West junior headed to the White House

Andrew Dong ’24 is one of two Iowa high school students selected for the United States Senate Youth Program.


Krisha Kapoor

Andrew Dong ’24 poses with his certificate of invitation to the Senate Youth Program.

Krisha Kapoor, Print Co-Editor-In-Chief

In the cafeteria, orchestrating a blood drive, in discussions, advocating for mental health education, and now, in the White House, participating in the Senate Youth Program, are all places that you might find West junior Andrew Dong. 

Every year, the Iowa Department of Education selects two high schoolers to attend the United States Senate Youth Program. This program was established in 1962 by the U.S. Senate Resolution to provide a “Unique educational experience for outstanding high school students interested in pursuing careers in public service.” Selected students will spend time in the White House and Capital Building discussing with politicians, attending meetings with Senators, and gaining an in-depth experience of political processes. In addition to the experience, students receive a $10,000 scholarship for their undergraduate education. 

“I’m looking forward to [being] surrounded by so many high-level individuals and to see the impact they have had in their communities,” Dong said. 

To receive this award, Dong applied and did an interview where he highlighted his work in mental health advocacy and volunteerism. 

Politicians have embodied the idea of service over self and the responsibility that they have toward others.
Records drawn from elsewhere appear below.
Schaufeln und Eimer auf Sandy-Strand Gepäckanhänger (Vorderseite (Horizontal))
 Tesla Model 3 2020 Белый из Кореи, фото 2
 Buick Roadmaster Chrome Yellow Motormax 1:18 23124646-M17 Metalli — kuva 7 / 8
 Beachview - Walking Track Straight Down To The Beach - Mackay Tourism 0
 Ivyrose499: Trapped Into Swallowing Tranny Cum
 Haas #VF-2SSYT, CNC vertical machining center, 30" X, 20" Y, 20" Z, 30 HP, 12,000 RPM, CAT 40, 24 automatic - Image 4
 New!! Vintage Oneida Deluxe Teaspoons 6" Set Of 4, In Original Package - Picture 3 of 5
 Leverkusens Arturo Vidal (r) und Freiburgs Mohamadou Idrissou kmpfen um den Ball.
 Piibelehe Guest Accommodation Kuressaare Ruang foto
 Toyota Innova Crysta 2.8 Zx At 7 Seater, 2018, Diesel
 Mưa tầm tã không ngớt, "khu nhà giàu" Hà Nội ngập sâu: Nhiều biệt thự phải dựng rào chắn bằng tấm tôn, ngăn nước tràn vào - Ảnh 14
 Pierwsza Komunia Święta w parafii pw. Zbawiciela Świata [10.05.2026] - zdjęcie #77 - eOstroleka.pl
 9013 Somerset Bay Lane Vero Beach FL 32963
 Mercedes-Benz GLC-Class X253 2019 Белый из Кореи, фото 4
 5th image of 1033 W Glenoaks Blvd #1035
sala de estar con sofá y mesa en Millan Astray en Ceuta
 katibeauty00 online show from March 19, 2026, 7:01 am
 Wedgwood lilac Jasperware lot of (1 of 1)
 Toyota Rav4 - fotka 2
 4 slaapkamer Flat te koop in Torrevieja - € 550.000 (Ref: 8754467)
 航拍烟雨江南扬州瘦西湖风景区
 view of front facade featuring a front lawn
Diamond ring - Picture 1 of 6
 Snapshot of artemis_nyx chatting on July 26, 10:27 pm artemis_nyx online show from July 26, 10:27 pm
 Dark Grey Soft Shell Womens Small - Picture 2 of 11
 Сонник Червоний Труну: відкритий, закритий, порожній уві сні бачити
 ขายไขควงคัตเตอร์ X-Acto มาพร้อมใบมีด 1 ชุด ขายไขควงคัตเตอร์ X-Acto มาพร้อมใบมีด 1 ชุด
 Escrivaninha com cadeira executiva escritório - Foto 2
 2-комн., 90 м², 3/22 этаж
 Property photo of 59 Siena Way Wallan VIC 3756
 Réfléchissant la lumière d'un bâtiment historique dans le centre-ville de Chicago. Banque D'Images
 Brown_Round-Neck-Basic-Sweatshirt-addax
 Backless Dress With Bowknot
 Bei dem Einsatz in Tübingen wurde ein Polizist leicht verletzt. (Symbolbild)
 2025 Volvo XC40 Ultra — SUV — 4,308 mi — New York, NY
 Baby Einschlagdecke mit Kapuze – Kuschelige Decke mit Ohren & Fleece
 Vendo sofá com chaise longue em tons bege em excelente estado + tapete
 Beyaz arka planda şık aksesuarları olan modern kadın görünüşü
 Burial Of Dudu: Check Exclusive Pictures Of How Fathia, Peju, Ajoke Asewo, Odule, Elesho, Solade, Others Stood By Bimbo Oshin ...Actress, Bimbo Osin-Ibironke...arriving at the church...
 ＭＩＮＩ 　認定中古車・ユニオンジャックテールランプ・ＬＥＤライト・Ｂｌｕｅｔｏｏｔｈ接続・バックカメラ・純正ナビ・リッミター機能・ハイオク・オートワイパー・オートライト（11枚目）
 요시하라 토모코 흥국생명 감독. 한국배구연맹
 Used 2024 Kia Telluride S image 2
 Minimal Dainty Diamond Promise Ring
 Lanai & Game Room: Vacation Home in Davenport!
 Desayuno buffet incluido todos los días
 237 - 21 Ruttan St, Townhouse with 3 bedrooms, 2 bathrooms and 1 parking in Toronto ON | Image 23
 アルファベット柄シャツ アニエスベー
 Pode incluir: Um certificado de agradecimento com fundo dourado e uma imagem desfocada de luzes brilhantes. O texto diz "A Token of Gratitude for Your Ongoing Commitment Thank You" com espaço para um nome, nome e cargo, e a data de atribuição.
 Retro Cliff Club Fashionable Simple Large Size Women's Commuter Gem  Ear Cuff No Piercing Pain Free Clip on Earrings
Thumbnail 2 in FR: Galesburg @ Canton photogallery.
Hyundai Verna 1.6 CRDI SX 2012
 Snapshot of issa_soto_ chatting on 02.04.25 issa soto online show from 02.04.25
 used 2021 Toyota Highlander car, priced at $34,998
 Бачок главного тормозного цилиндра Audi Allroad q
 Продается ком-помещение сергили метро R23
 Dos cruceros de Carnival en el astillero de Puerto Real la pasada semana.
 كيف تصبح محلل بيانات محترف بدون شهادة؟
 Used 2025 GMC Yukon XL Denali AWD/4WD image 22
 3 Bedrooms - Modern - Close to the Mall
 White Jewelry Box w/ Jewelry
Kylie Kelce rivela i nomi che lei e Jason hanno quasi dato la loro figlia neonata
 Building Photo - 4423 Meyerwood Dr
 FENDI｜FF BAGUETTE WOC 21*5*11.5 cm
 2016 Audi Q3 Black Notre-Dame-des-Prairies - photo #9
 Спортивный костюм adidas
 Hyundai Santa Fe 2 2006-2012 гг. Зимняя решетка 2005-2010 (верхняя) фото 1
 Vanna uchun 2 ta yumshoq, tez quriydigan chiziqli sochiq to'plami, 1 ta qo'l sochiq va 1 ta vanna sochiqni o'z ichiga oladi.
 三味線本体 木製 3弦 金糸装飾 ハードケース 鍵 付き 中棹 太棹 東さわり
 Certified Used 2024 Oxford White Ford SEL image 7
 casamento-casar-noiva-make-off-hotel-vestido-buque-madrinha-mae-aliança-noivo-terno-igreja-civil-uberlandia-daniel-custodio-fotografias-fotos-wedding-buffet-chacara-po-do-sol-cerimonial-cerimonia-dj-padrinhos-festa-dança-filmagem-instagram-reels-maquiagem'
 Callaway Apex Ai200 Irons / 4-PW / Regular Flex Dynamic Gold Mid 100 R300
So, in that sense, I strive to be like them. ”

— Andrew Dong '24

Specifically, Dong is a member of the University of Iowa Scanlan Center for School Mental Health Advisory Board. There, he works with mental health professionals to develop required mental health curricula for educators across the state. Additionally, Dong is the youngest person in Iowa certified in Mental Health First Aid. 

“[These experiences] offer insight on how I have educated myself on mental health…I hope to be a mental health policy change maker,” Dong said. 

In addition to working in mental health advocacy, Dong devotes time to the National Red Cross Youth Council to spread the mission of Red Cross. At West, Dong is the founder of the Red Cross Club. Last year the club organized a blood drive where 44 units were collected. 

Although Dong might not pursue politics in the future, he anticipates that his time in D.C. will be fruitful.

“Politicians have embodied the idea of service over self and the responsibility they have toward others. So, in that sense, I strive to be like them,” Dong said. 

Dong will be in Washington, D.C. March 4 through 11.